Medesimo scenario affrontato dal tribunale di Milano che con l'Ordinanza 31 marzo 2011 ha condannato Google Suggest per le proprie associazioni. Il tribunale di Milano si è dovuto esprimere in merito a delle lamentele presentate da un imprenditore del settore finanziario, che peraltro pubblicizzava la sua attività anche tramite Internet: nel digitare il proprio nome e cognome nel motore di ricerca di Google, attraverso il servizio Suggest search, vedeva affiancarsi le parole "truffa" e "truffatore". L'abbinamento del proprio nome con tali parole costituiva per il ricorrente un suggerimento non veritiero e diffamatorio, lesivo del suo onore, della sua immagine pubblica e professionale. Per tale motivo ha adito le vie legali presentando richiesta di rimozione dal servizio Suggest dell'associazione ritenuta ingiuriosa e chiedendo un risarcimento per ogni giorno di ritardo nell'adempimento dell'ordine del giudice. Il Tribunale ha ritenuto di dover condividere la valutazione emessa in prima istanza che aveva ritenuto diffamatoria l'associazione del nome del ricorrente con le parole truffa e truffatore. "L'utente che legge tale abbinamento - si sottolinea  nella decisione - è indotto immediatamente a dubitare dell'integrità morale del soggetto il cui nome appare associato a tali parole ed a sospettare una condotta non lecita da parte dello stesso". Irrilevanti, inoltre, sono state definite le tesi presentate dal colosso della ricerca in merito a tale aspetto, che ha sottolineato come "l'utente di Internet è perfettamente in grado di discernere i contenuti offerti dalla Rete". Tale assunto rappresenterebbe per il Tribunale una affermazione discutibile trattandosi di una affermazione priva di riscontro obiettivo... In particolare, tenendo in considerazione il "diverso livello culturale e le capacità assai variegate in ambito informatico da parte degli utenti della Rete" la tesi presentata da Mountain View a giustificazione dell'accaduto non apparirebbe condivisibile, probabilmente utopistica in riferimento all'utente medio del sistema e ancor più riguardo la maggioranza di essi.

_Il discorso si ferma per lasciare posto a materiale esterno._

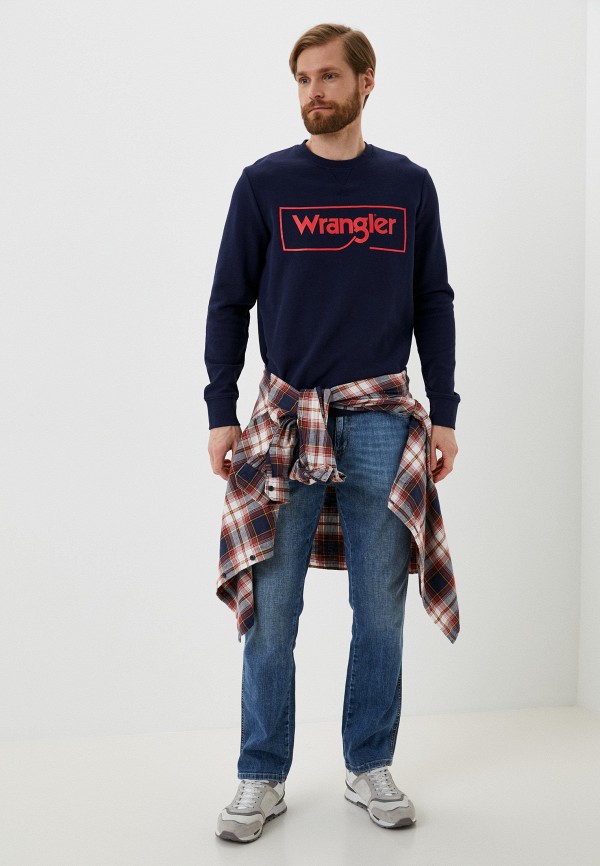 фото Джинсы wrangler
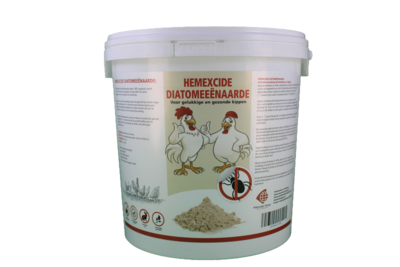 diatomeeënaarde emmer 10 liter bloedluis diatomeeënaarde emmer 10 liter bloedluis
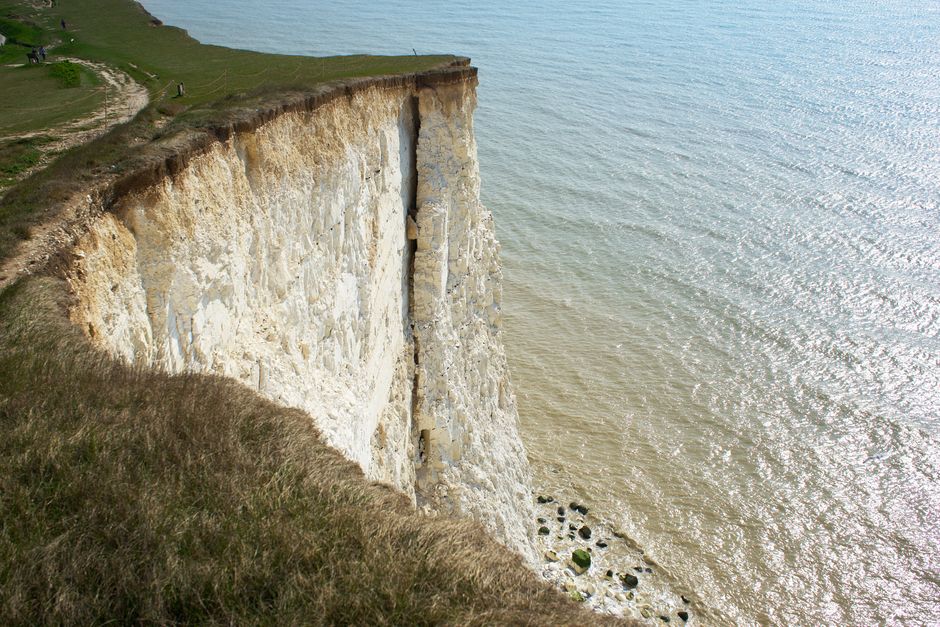 柏令海崖 Birling Gap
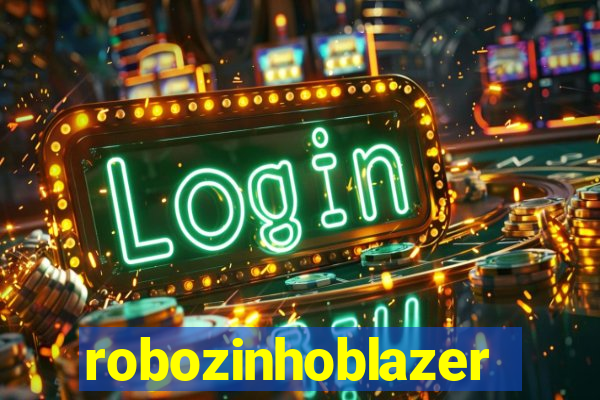 robozinhoblazer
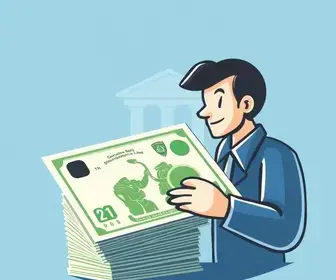 receber o dinheiro de apostas pelo banco e pela Caixa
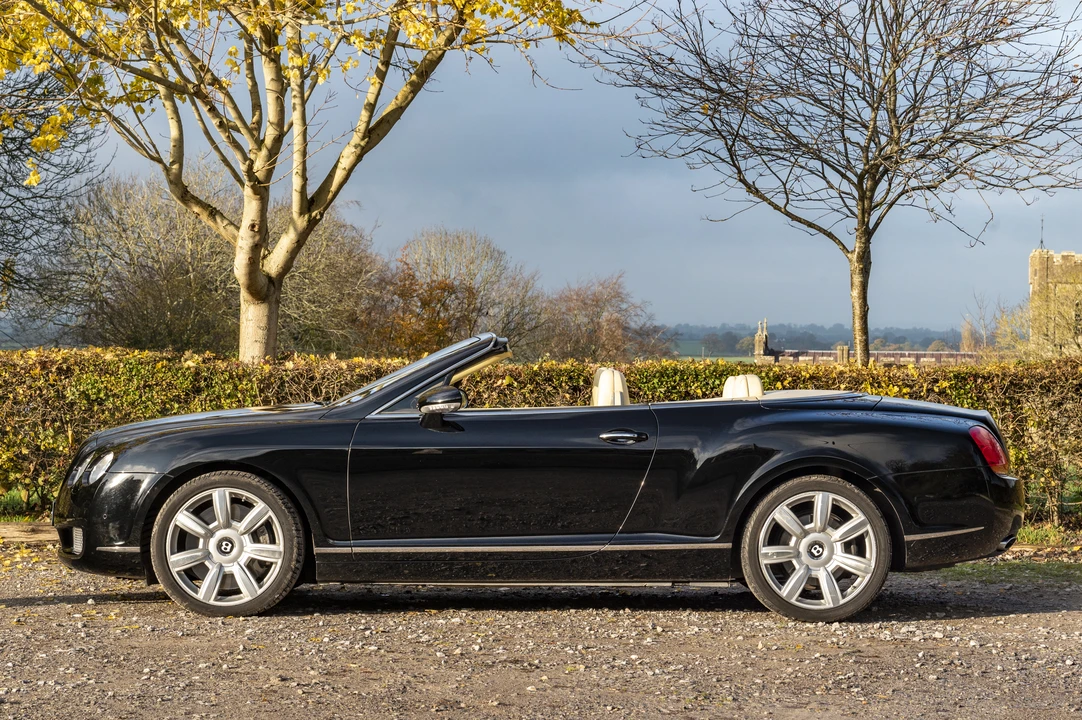 2007 Bentley Continental GTC - Image 5 of 31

Secondo il Tribunale, inoltre, ritenuta diffamatoria l'associazione del nome e cognome del ricorrente alle parole truffa e truffatore, è "innegabilmente di per sé foriera di danni al suo onore, alla sua persona ed alla sua professionalità", inoltre la "potenzialità lesiva della condotta addebitata alla reclamante appare suscettibile, per la sua peculiare natura e per le modalità con cui viene realizzata, di ingravescenza con il passare del tempo stante la notoria frequenza e diffusione dell'impiego del motore di ricerca".
La situazione sarebbe aggravata anche dal fatto che il ricorrente utilizza il web per la propria attività professionale. Pertanto il giudice di Milano rigettando il ricorso di Mountain View ha condannato Google a rimborsare 1.500 euro per i diritti lesi e 2.300 per onorari vari e spese legali.